Maa Markama Temple located at Bissam Cuttack village of Rayagada district is a place of tourist interest. It is the only shrine (Shakti Peethas) of Devi Maa Markama and Maa karkama in the Indian state of Odisha. The temple of Maa Karkama (believed to be the sister of Maa Markama) is situated next to the temple of Maa Markama. The legend says that the Devi is being worshiped for centuries. However, the temple was constructed in the recent past. 

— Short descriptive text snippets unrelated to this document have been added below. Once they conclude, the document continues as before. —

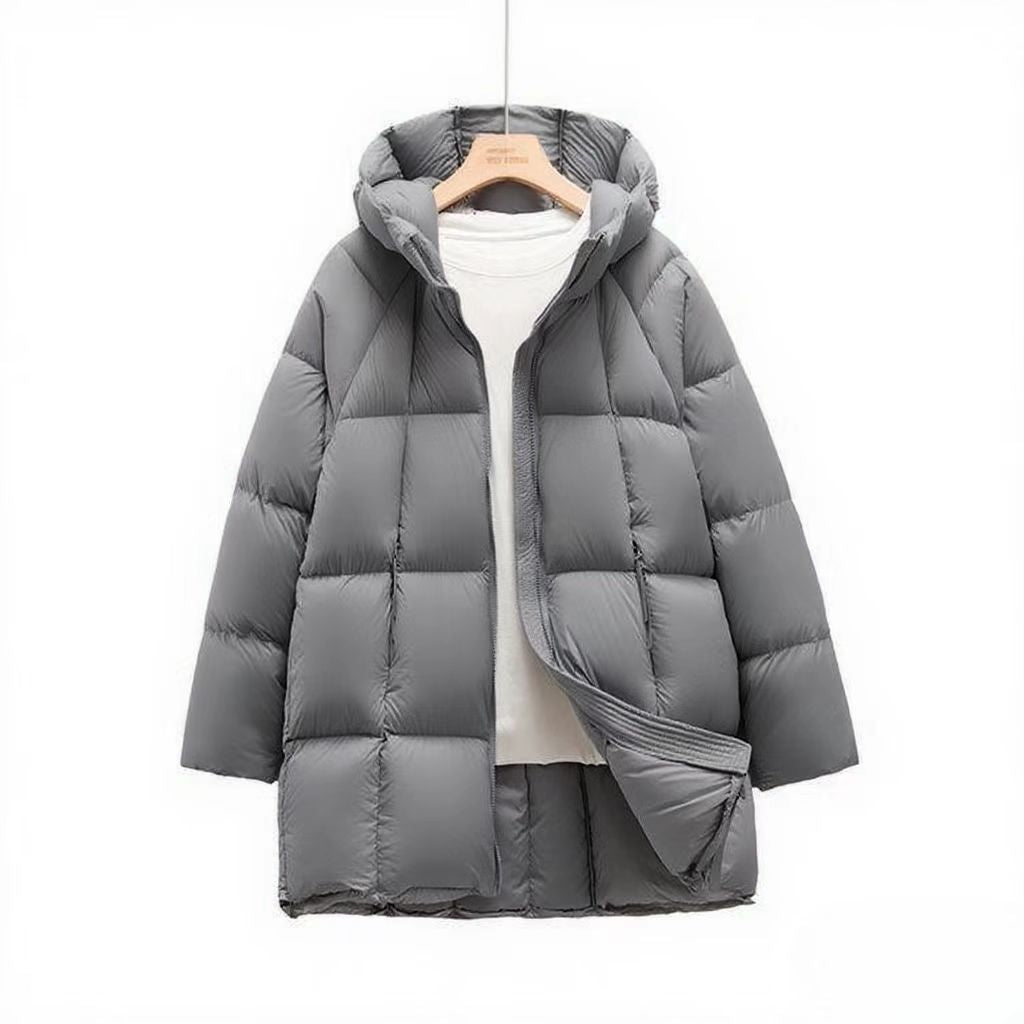 Manteau matelassé effet lumière pour femme - Naelith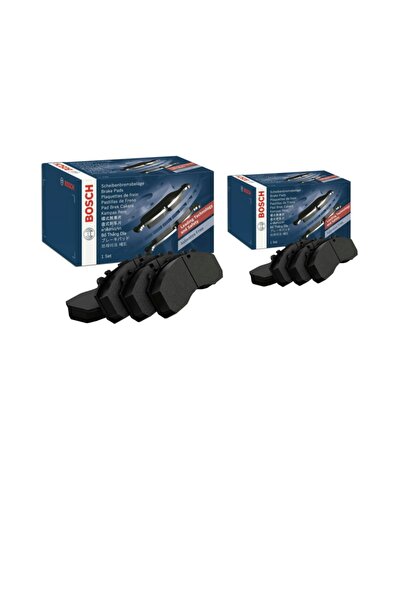 Bosch Ford Fiesta 6 2008-2017 Ön Ve Arka Fren Balata Takımı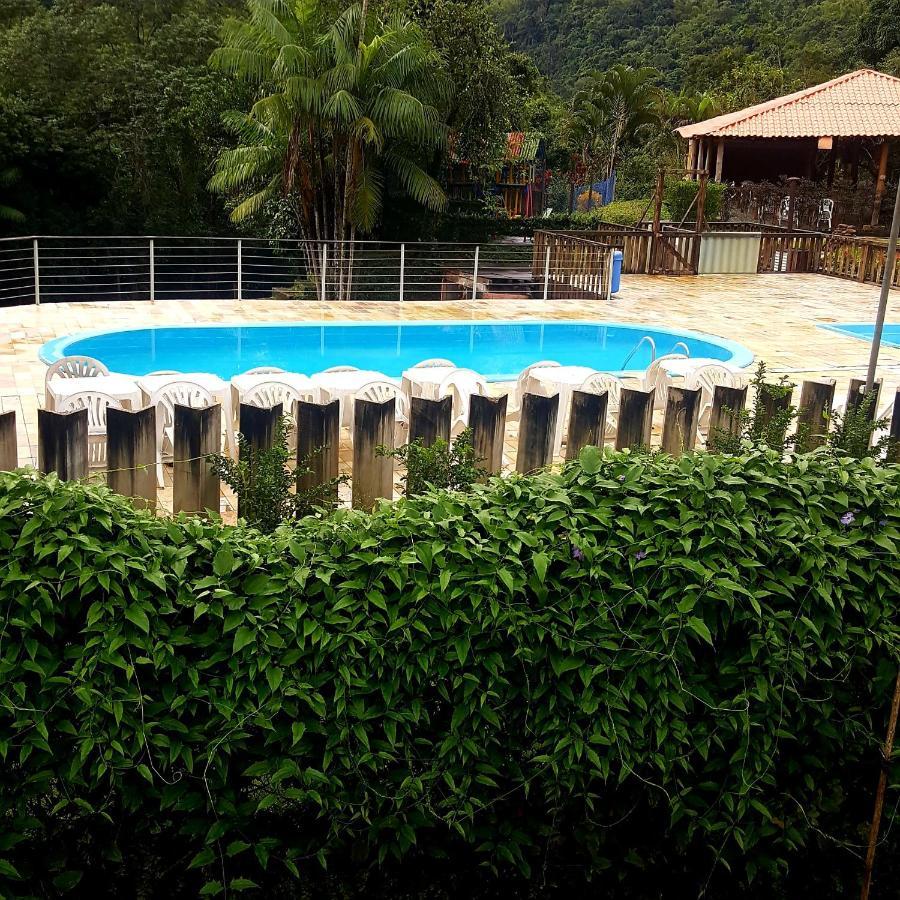 Domingos Martins A Sua Casa Nas Margens Do Rio Villa Exteriör bild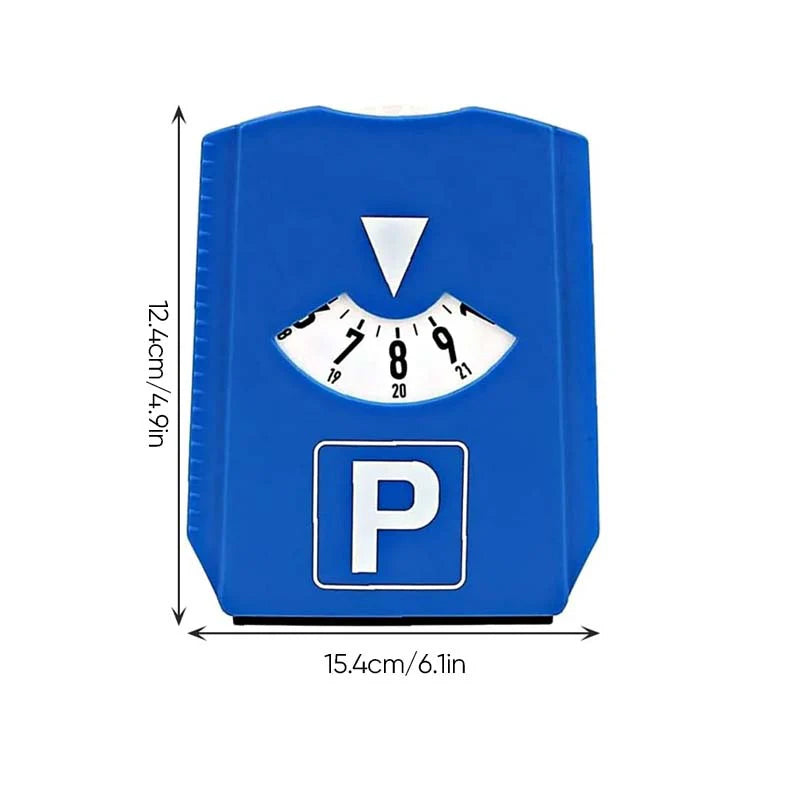 Rynx | Parking meter with ice scraper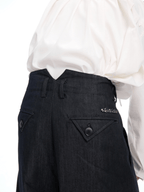 Vintage Heavyweight Raw Denim Wide - Leg Jeans - COPPING THREADS - ArguE CulturE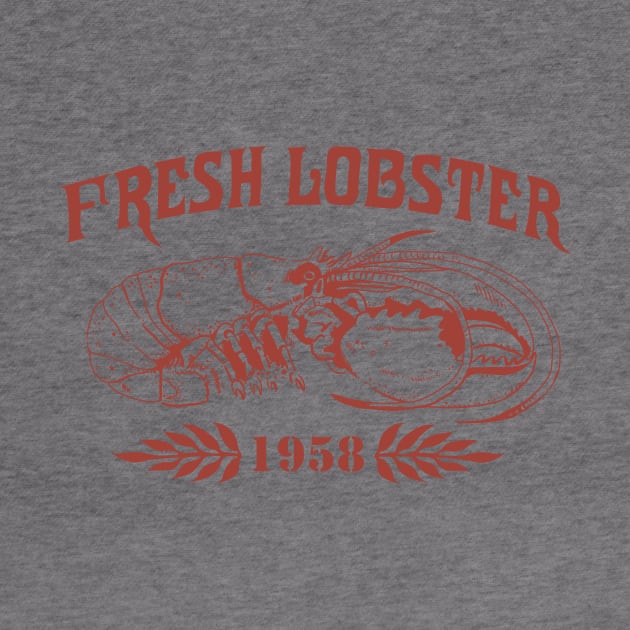 fresh lobster 1985 by vender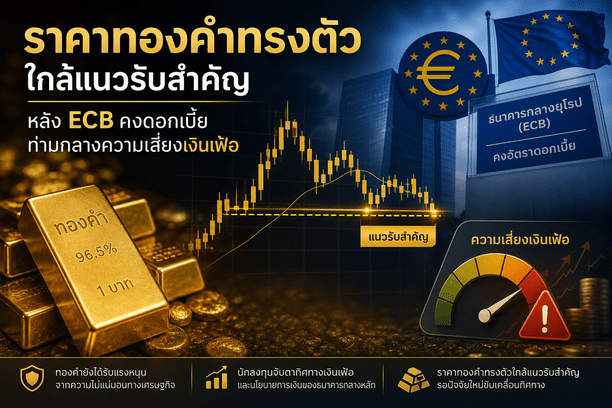 gold prices, ECB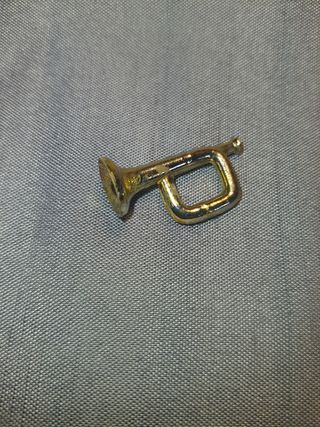 Trompeta Playmobil Soldado Nordista Cromada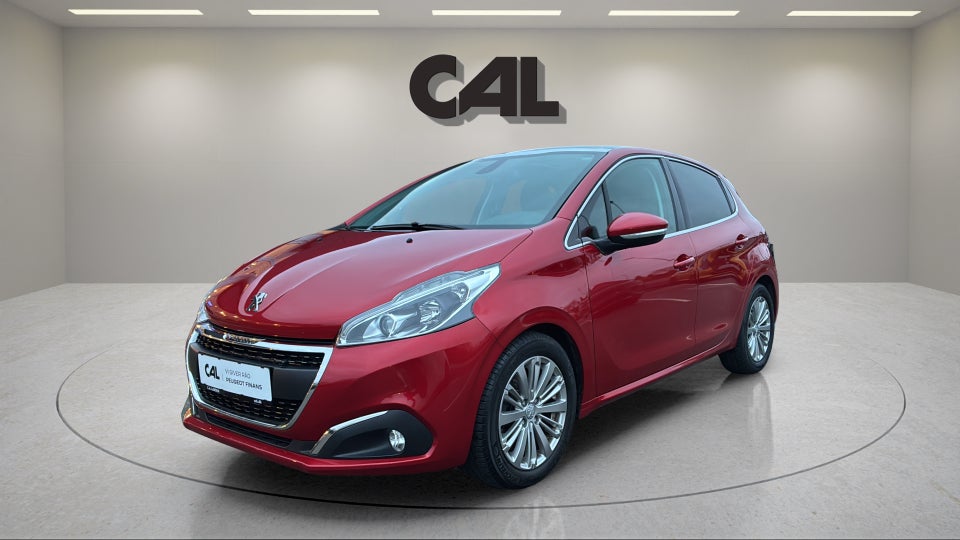 Peugeot 208 1,5 BlueHDi 100 Privé 5d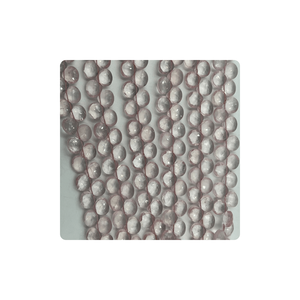 Cuentas de Cuarzo Rosa Natural, Cuentas Facetadas en Forma de Gota de 7mm-8mm Aproximadamente, para la Fabricación de Joyas, Hilo de Cuentas de 8 Pulgadas - Product Image 4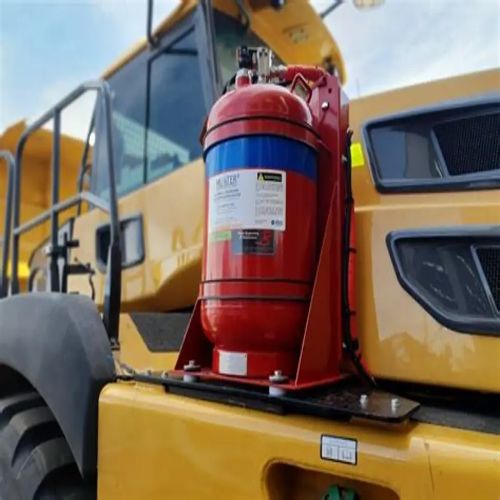 Vehicle Fire Suppression System
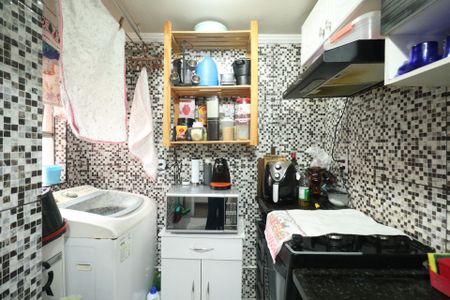 Apartamento para alugar com 58m², 3 quartos e 1 vaga Apartamento para alugar com 58m², 3 quartos e 1 vagaCozinha e Área de Serviço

A junior college and a university college in Bissam Cuttack are named after Maa Markama. The temple is one of the places of tourist attractions in Rayagada district.  Dussehra and chaitra Paraba are celebrated every year at the temple. The nearest rail head is Chatikona, which is 7 km (4.34 miles) from Bissam Cuttack.

History

As per historical references,  Kalahambir, the king of SURYA dynasty (Suryavansi) ruled Bissam cuttack and Devi Maa Markama was the Ishtadevi of the royal family. The ritual of human sacrifice was prevalent here and was stopped during the British rule. Yet the ritual of buffalo sacrifice continued, which was stopped by the then Regional officer Shri Gadhadhar Mishro(01.07.1953-19.03.1955). The mention of Devi Maa Markama can also be found in the CHANDI PURANA of Sarala Dash and also in BATA ABAKASH of Matta Balarama Dash. The Devi has been mentioned as Utkaleeya (Oriya for "of Odisha") jogini in mythological books. Several legends say that Devi Markama helped the King of Bissam Cuttack during a war by mesmerizing the enemy soldiers.